Director of Modern Cultural Heritage Directorate, General Directorate of Antiquities and Cultural Heritage, Hellenic Ministry of Culture & Sports.

Villy was born and grew up in Kalamata, Greece. She got her Bachelor’s Degree in Archaeology from the National and Kapodistrian University of Athens. She got a Master’s Degree in Contemporary History from the National and Kapodistrian University of Athens, on collective memory and management of cultural heritage. She also got a Master’s Degree in Folklore from the National and Kapodistrian University of Athens, on life-stories and gender.

She works in the Hellenic Ministry of Culture and Sports, after graduating from the National School of Public Administration. She has served in various positions since 1996; she is Director of Modern Cultural Heritage since 2014. She has represented the Ministry of Culture in UNESCO, the EU and several bi-lateral or regional meetings as expert in cultural management.

Maria-Daphne Papadopoulou

Head of the Legal Department of the Hellenic Copyright Organization.

Daphne, after becoming a member in the Bar Association in Greece, worked as a fellow researcher in the Law Centre of University of Houston, USA. After that she was employed by international law firms in Germany (Taylor Wessing, PricewaterhouseCoopers Veltins and Simmons & Simmons) dealing with IP issues and new technologies, writing at the same time her Doctoral Thesis on Copyright. Returning to Greece, Daphne has been working as a counsellor at law at the Hellenic Copyright Organization, while at the same time worked as a freelance attorney consulting on copyright and general IP issues. Since May 2017 Daphne is the Head of the legal department of the Hellenic Copyright Organization. She is a member in many committees and a national expert in groups for copyright and IP. Daphne is an author of numerous contributions in books and articles (in Greek, English and German), has presented many papers in national and international conferences and gives lectures on copyright issues.

Ioanna Tzavara

Cultural Management, Directorate of Modern Cultural Heritage, Hellenic Ministry of Culture & Sports.

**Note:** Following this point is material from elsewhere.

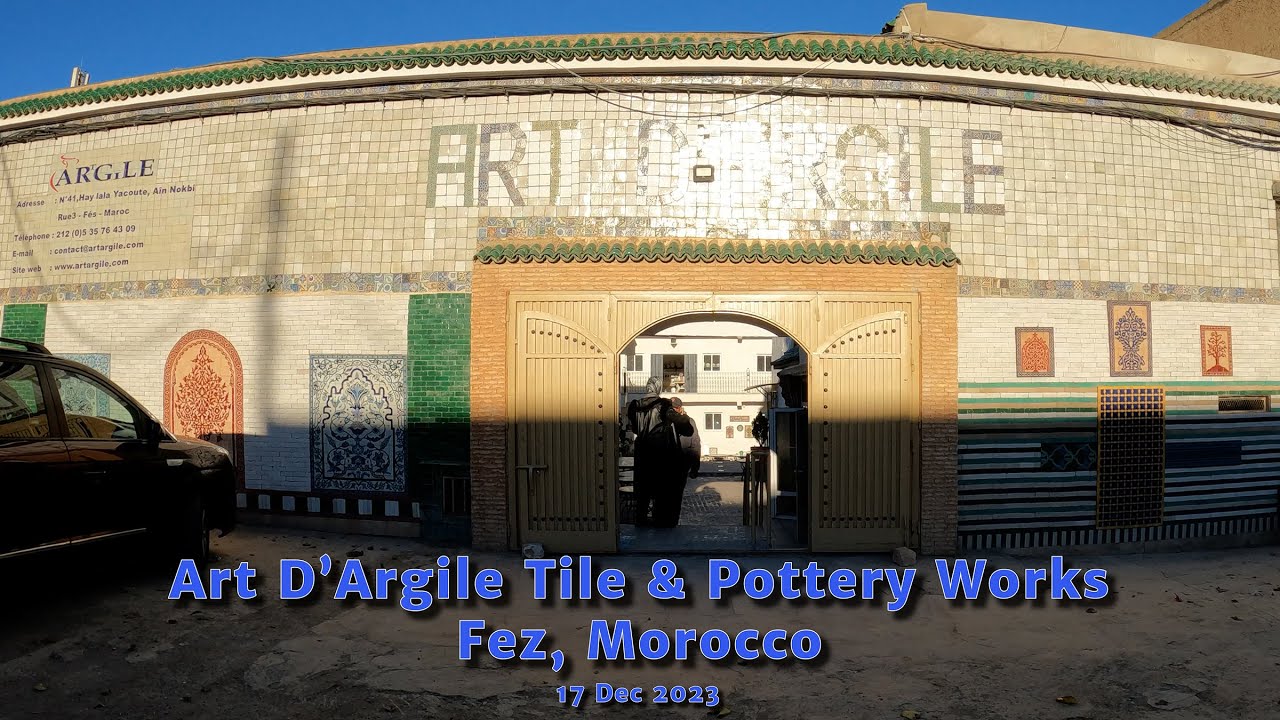 ⛏ArtArgile-Pottery/Tile works, Fez, Morocco - 17 Dec 2023 - 4K⛏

Ioanna holds an MA in Cultural Management with a thesis on Ecomuseums.  She works at the Directorate of Modern Cultural Heritage of the Hellenic Ministry of Culture & Sports, at the Department of Intangible Cultural Heritage.  Current professional interests, as part of the Directorate’s activities, include the enrichment of the National Inventory of Intangible Cultural Heritage as well as the elaboration of proposals for UNESCO’s International Lists of ICH.  She is also a member of the task group formed by the Hellenic Ministry of Culture & Sports and the Agriculture University of Athens, in order to give prominence to the intangible cultural aspect of the Greek agricultural heritage.